I honestly think it's a game design thing almost more than anything. Few games have that ephemeral something else that can really draw you in. It's also something very specific to the individual.
Clive Barker's Undying had a similar effect, only with pants-wetting nervousness.
The Pipe Vault|Twitter|Steam|Backloggery|3DS:1332-7703-1083
The whole not seeing the game behind the game thing is something I wish I could re-experience.
I feel jaded and indifferent to JRPG's that would capture me 10 years earlier. Maybe it's growing up, maybe I've played too many games.
Trying to recreate that "first time, totally immersed" feeling is impossible. Keep chasing that high you drug addicts.

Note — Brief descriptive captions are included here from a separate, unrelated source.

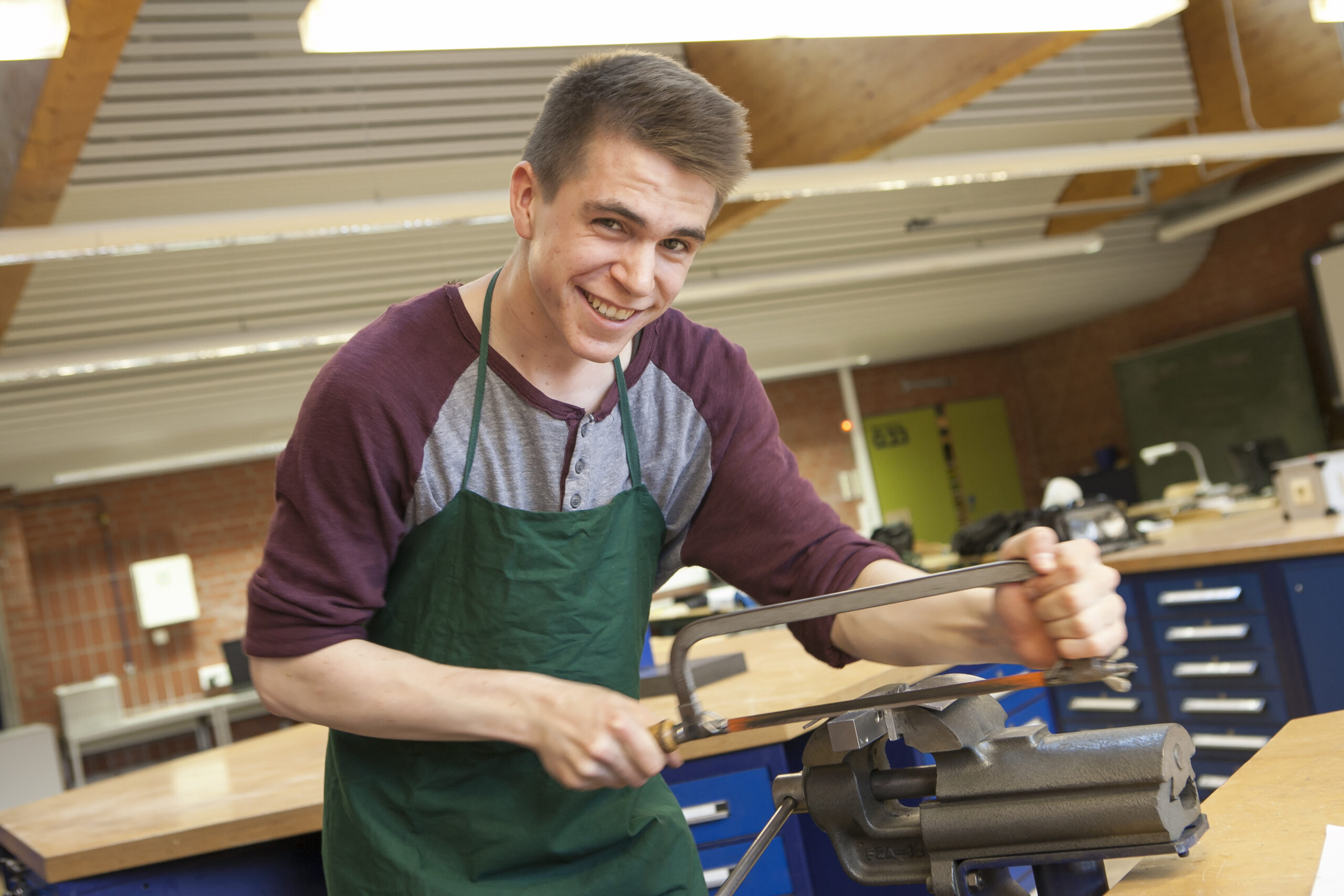 Das Foto zeigt einen jungen Mann mit Säge an einer Werkbank. Das Bild ist insgesamt dunkelblau eingefärbt.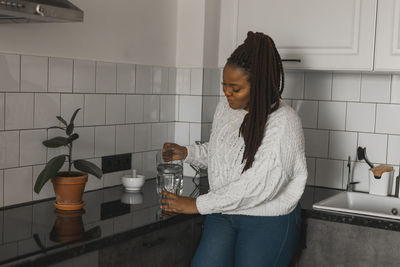 Side view of young woman drinking water at home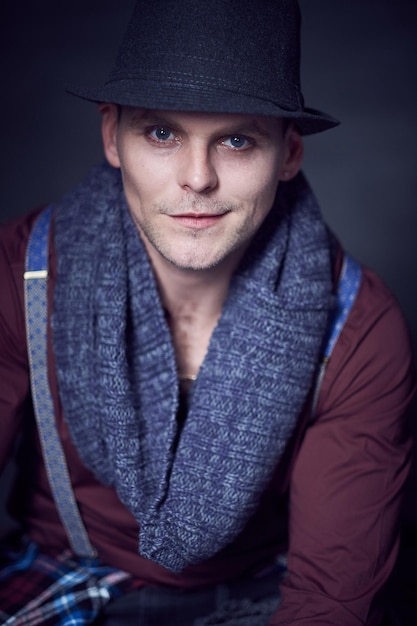 Free Photo studio portrait of stylish casual male dressed in a red shirt and braces.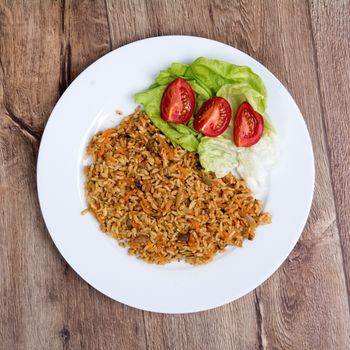 Vegetarian food on a white plate with wooden background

Final Fantasy XI -> Carbuncle - Samash
What would be fun is understanding the rules on a different level, like shoegaze's son does (and my brother with Age of Empires 2, he actually saw human reasoning in the AI; it fucking baffled me, especially because he was in his late teens at the time). I'd love to understand game worlds on a human level instead of the coldly logical sense I have about them now. And it's really the immaturity of games that gets in the way of this. The rules shouldn't give as predictable results as they do. It'd be really nice for there to be some ambiguity.
If the game world was a real world, I will be glad to fool myself and behave as such again.
amen
You HAVE to tell us how he reacts!
I lent the game to a friend of mine, it was his first RPG and I was actually quite surprised how much he got into it. He called me on my cell when he found out.